» **Your instructions**
From the records below, extract all the text exactly and leave the images behind.

Pictures with short captions:
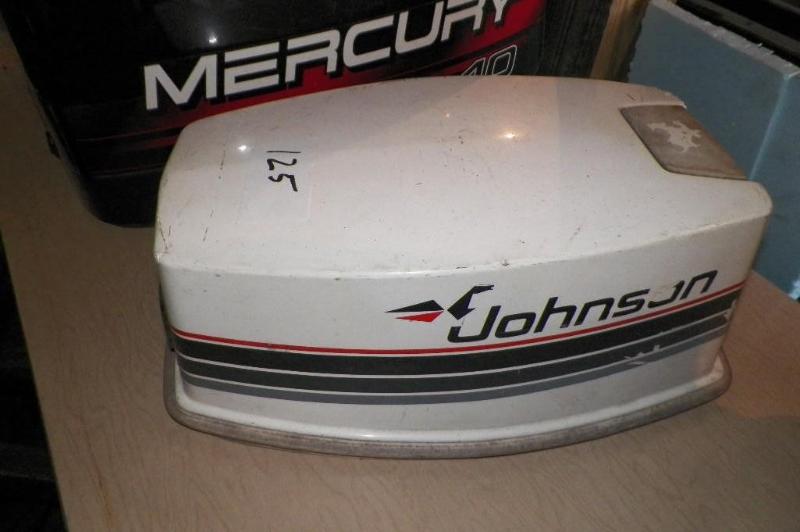 lot 125 image: Johnson 20 Hood with Repairs...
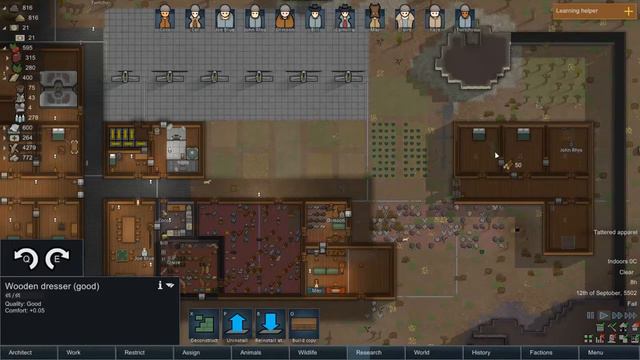 Let's Play RimWorld - 34 - A Siege смотреть онлайн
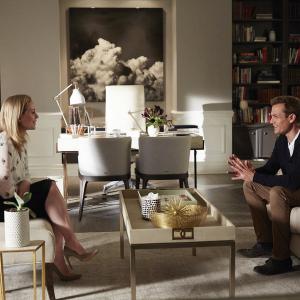 Still of Gabriel Macht and Christina Cole in Suits (2011)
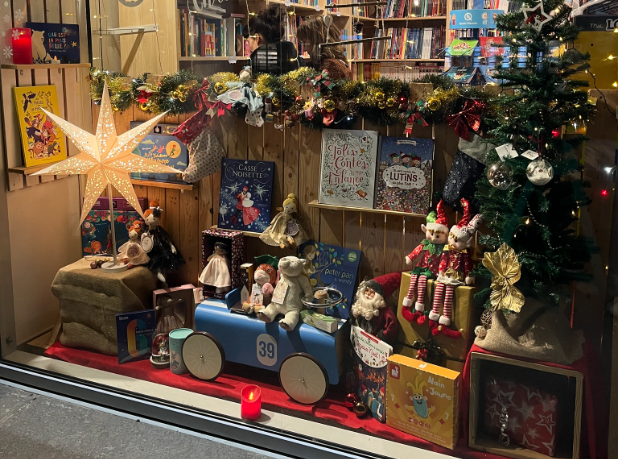 Découvrez les résultats du concours des vitrines de Noël des commerçants !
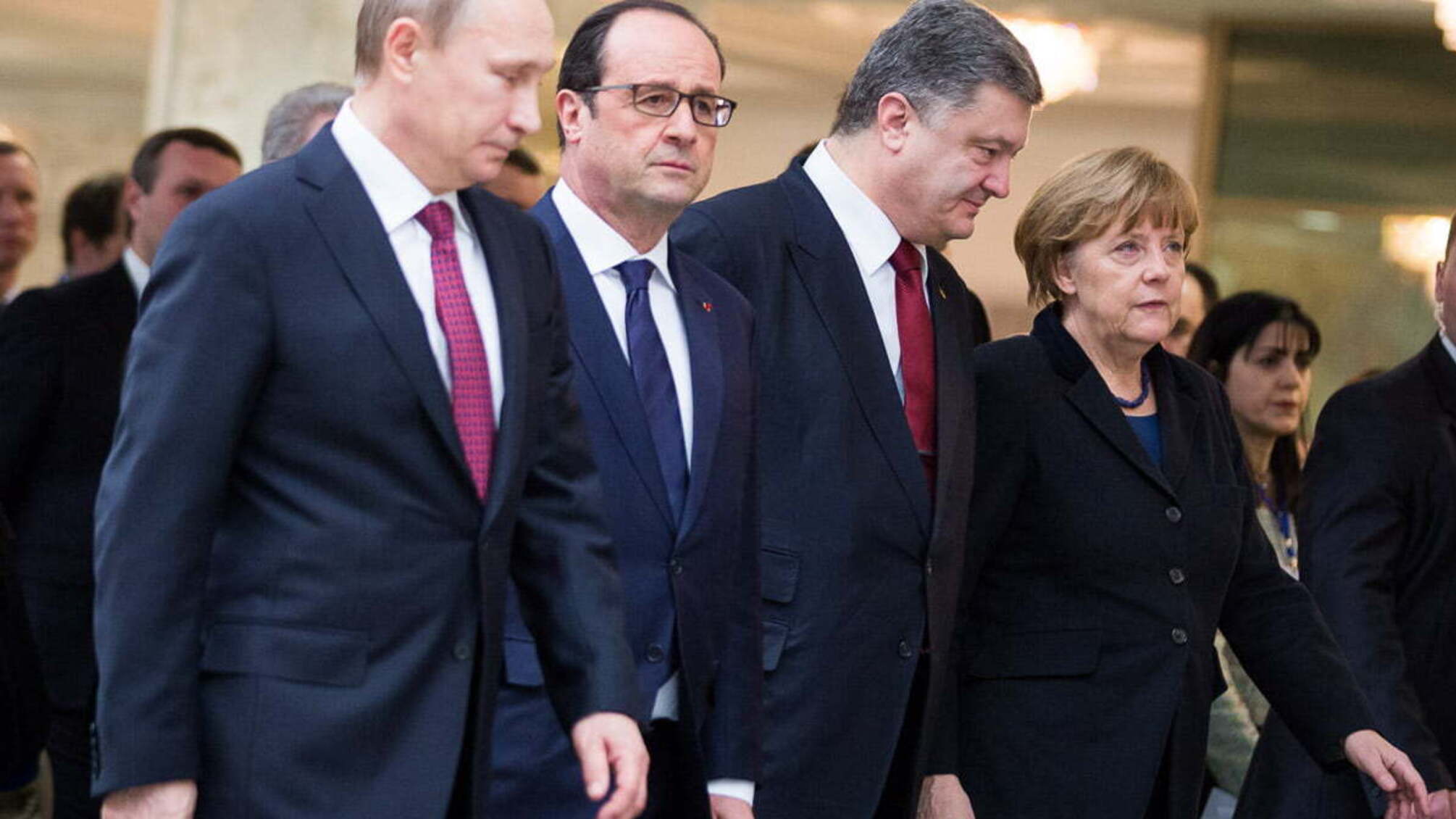 У розмові із західними колегами Путін згадав про блокаду Донбасу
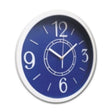 Heritage Wall Clock Bradford Blue Dial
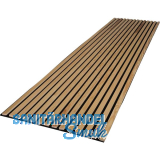 KOSCHE Akustikpaneel Hydro Kiefer astfrei unbehandelt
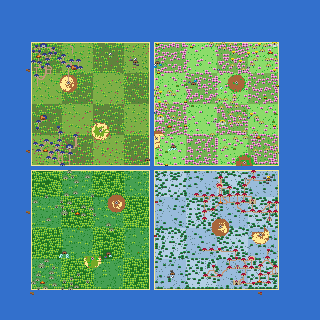4 Race Islands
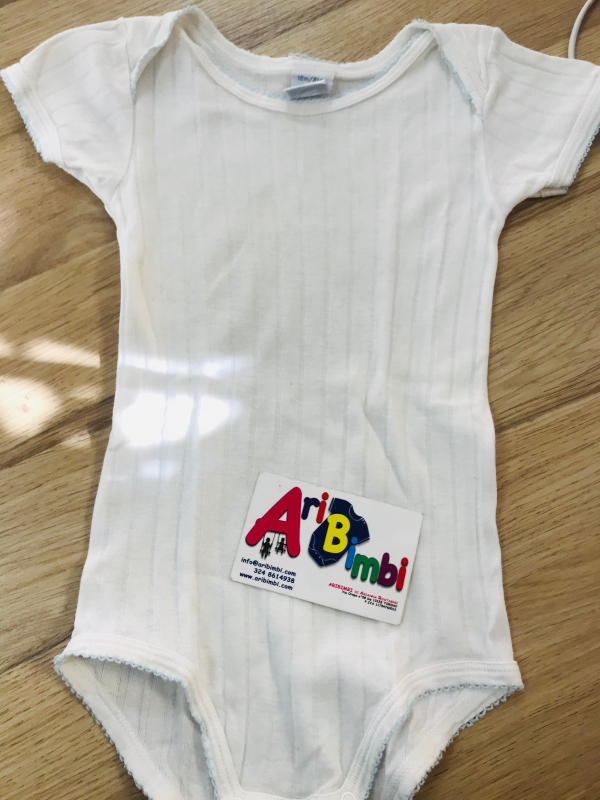 BODY PETIT BATEAU 18 mesi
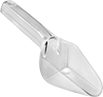 Image of Product. Front orientation. Scoops. Plastic Scoops, Style C.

» **Task response**
 lot 125 image: Johnson 20 Hood with Repairs...
 Let's Play RimWorld - 34 - A Siege смотреть онлайн
 Still of Gabriel Macht and Christina Cole in Suits (2011)
 Découvrez les résultats du concours des vitrines de Noël des commerçants !
 У розмові із західними колегами Путін згадав про блокаду Донбасу
 Heritage Wall Clock Bradford Blue Dial
 KOSCHE Akustikpaneel Hydro Kiefer astfrei unbehandelt
4 Race Islands
 BODY PETIT BATEAU 18 mesi
 Image of Product. Front orientation. Scoops. Plastic Scoops, Style C.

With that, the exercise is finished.